William Savitt and Anitha Reddy are partners and Bita Assad is an associate at Wachtell, Lipton, Rosen & Katz. This post is based on their Wachtell memorandum.

Last week witnessed a critical but largely unremarked advance for plaintiffs seeking to impose liability on major public companies for the social costs of climate change.

The Ninth Circuit’s ruling in City of Oakland v.
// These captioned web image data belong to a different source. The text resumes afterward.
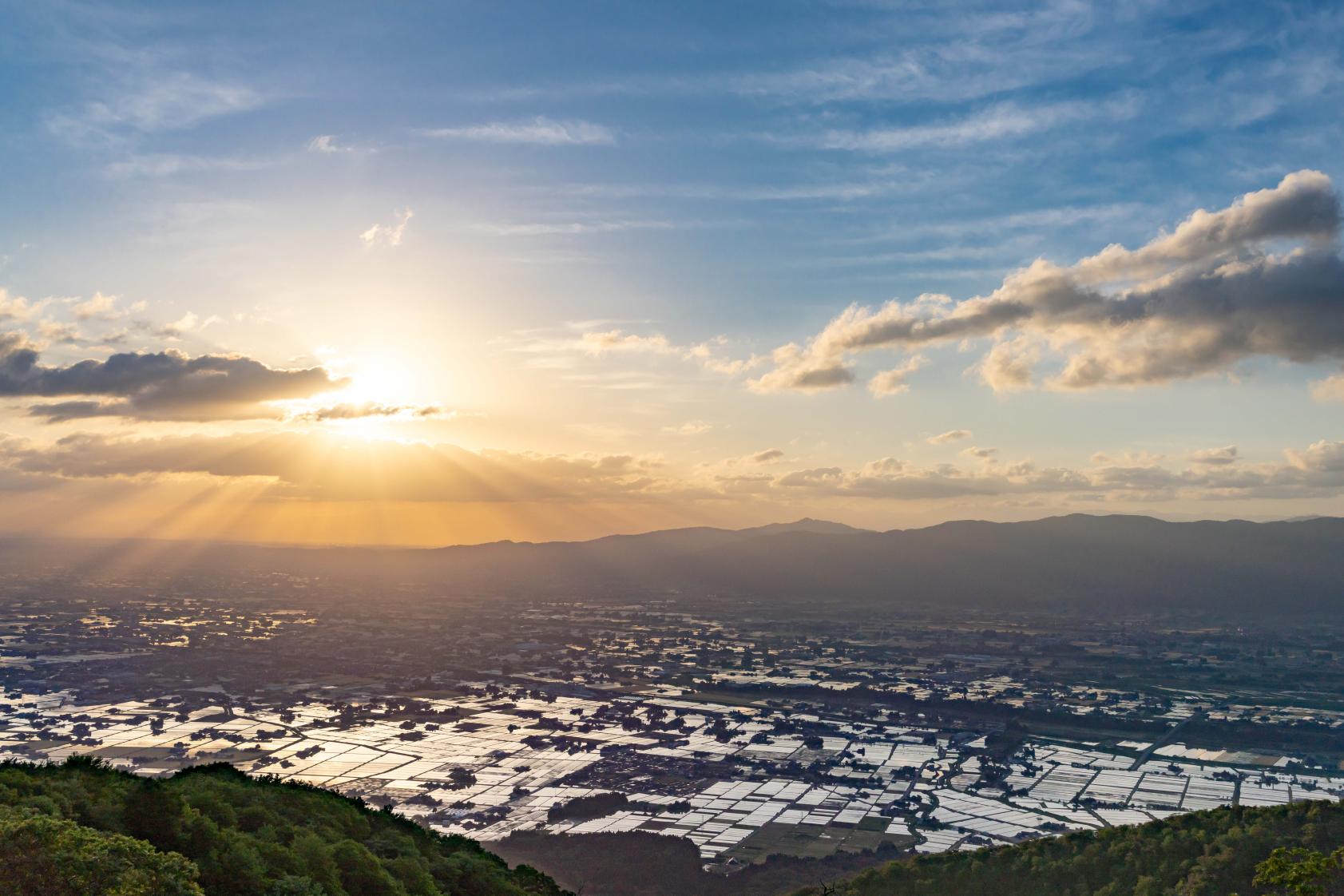 水田に映る、砺波平野の「散居村」の絶景！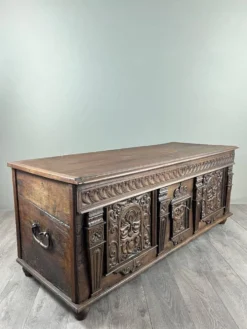 Coffre en bois sculpté, style Renaissance, XIXe siècle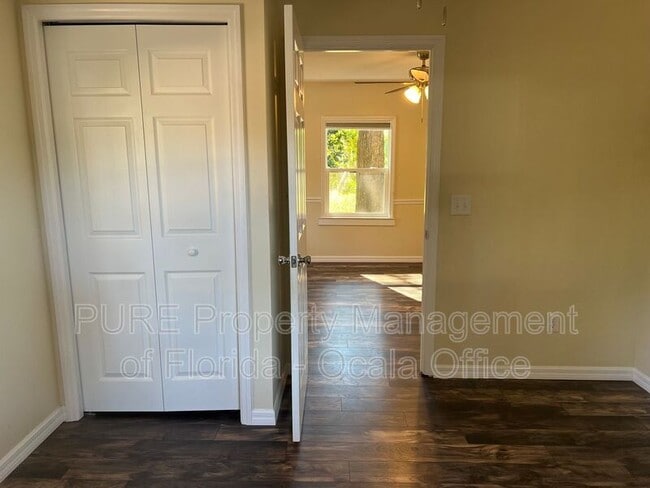 Building Photo - 5625 SE 109th Pl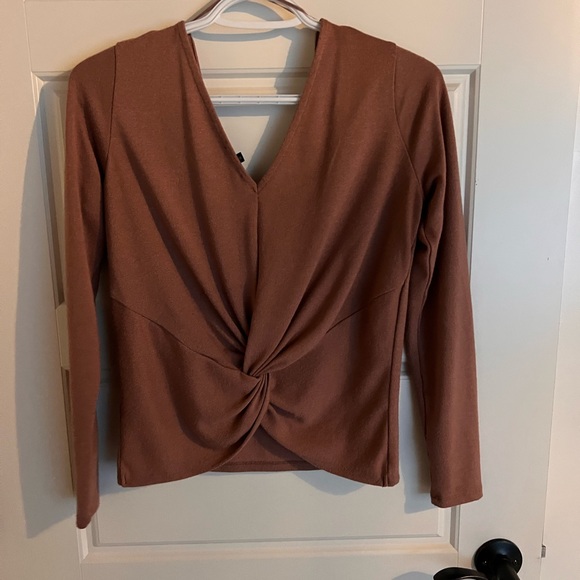 Dynamite long sleeve - Picture 2 of 2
BP PLC cleared the path for state-court litigation against corporate defendants on the theory that producing, distributing, using, or profiting from fossil fuels constitutes a “public nuisance.” The cities of Oakland and San Francisco sued large energy companies in California state court, seeking an order requiring them “to fund a climate change adaptation program for the cities.” The energy companies removed the case to federal court and moved to dismiss the complaint. The district court agreed with the energy companies that the cities’ state-law nuisance claim was governed by federal law. “If ever a problem cried out for a uniform and comprehensive solution,” wrote the district judge, it is the “geophysical problem” of climate change. “A patchwork of fifty different answers to the same fundamental global issue would be unworkable.” Unpersuaded, the Ninth Circuit concluded that the cities’ claim neither presented a “substantial question of federal law” nor was completely preempted by the federal Clean Air Act.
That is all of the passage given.